Researchers at the Center for Automotive Research (CAR) in Ann Arbor, Michigan, estimated the short-term (1-3 years) impact on the US economy would be substantial were all—or even half—of the three Detroit-based automotive manufacturers’ US facilities to cease operations. CAR has carried out the majority of national level automotive economic contribution studies completed in the United States since 1992.

The immediate impact to the economy would be felt well beyond the Detroit Three companies, negatively impacting the US operations of international manufacturers and suppliers as well. Nearly 3 million jobs—239,341 jobs at the Detroit Three; 973,969 indirect/supplier jobs; and more than 1.7 million spin-off (expenditure-induced) jobs—would be lost in the first year if there is a 100% reduction in Detroit Three US operations, according to the study.

The 100% contraction scenario also results in a reduction of US personal income by more than $150.7 billion in the first year, and generates a total loss of $398.2 billion over the course of three years.
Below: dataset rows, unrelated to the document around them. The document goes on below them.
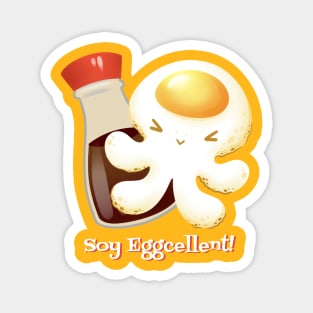 Be Eggcellent to each other! Magnet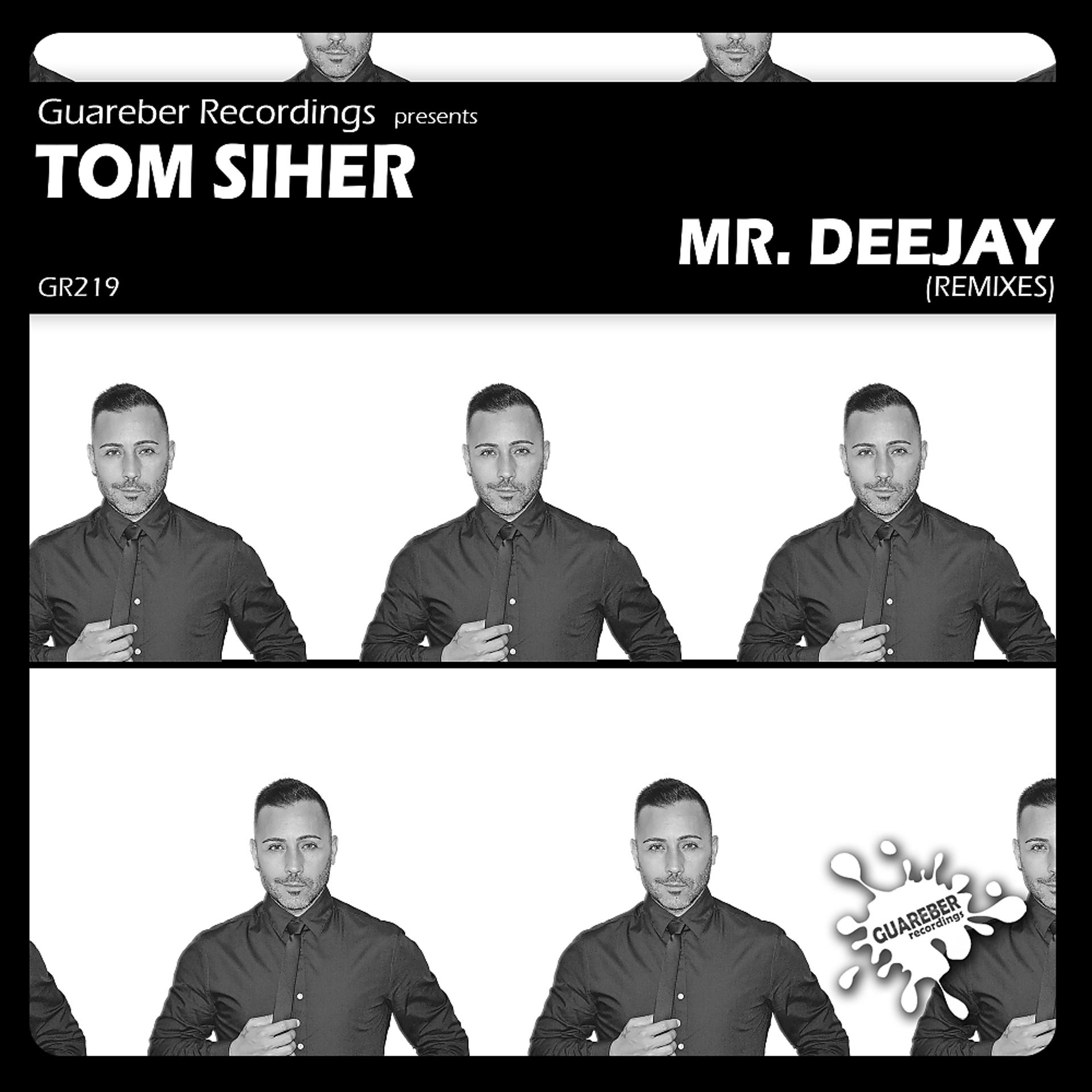 Постер альбома Mr Deejay Remixes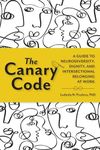 The Canary Code: A Guide to Neurodiversity, Dignity, and Intersectional Belonging at Work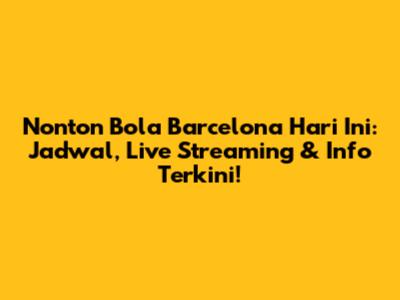 Nonton Bola Barcelona Hari Ini: Jadwal, Live Streaming & Info Terkini!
Our model estimates that a complete shutdown of Detroit Three US production would have a major impact on the US economy in terms of lost wages, reductions in social security receipts, personal income taxes paid, and an increase in transfer payments. The government stands to lose on the level of $60 billion in the first year alone, and the three year total is well over $156 billion.

—Sean McAlinden, CAR chief economist and the study’s leader

CAR modelled two scenarios: the Detroit Three automakers ceasing all operations in United States (100% contraction scenario); and a 50% reduction in overall Detroit Three employment and production in the US economy, an event that probably would involve a contraction by two of the domestic automakers. The circumstances are such that either of these scenarios is possible, and indeed one or the other is probable, within the next 12 months, according to the study.

The researchers generated the estimates of economic impact through the use of an economic/demographic forecasting and policy simulation model constructed by Regional Economic Models, Inc. (REMI). The model captures three types of employment impacts: direct, indirect and spin-off. The model was calibrated using public and proprietary data on automotive industry employment, wages, price and capacity. Simulations estimating economic impacts on the US economy were run for three years after the assumed initial change in Detroit Three operations.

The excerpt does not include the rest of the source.